### Exercise directions:
Word for word, transcribe the data below.

### Data extract:
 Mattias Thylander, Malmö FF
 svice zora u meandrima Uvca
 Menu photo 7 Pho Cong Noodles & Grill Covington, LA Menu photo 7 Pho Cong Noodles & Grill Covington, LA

### Completed task:
 Mattias Thylander, Malmö FF
 svice zora u meandrima Uvca
 Menu photo 7 Pho Cong Noodles & Grill Covington, LA Menu photo 7 Pho Cong Noodles & Grill Covington, LA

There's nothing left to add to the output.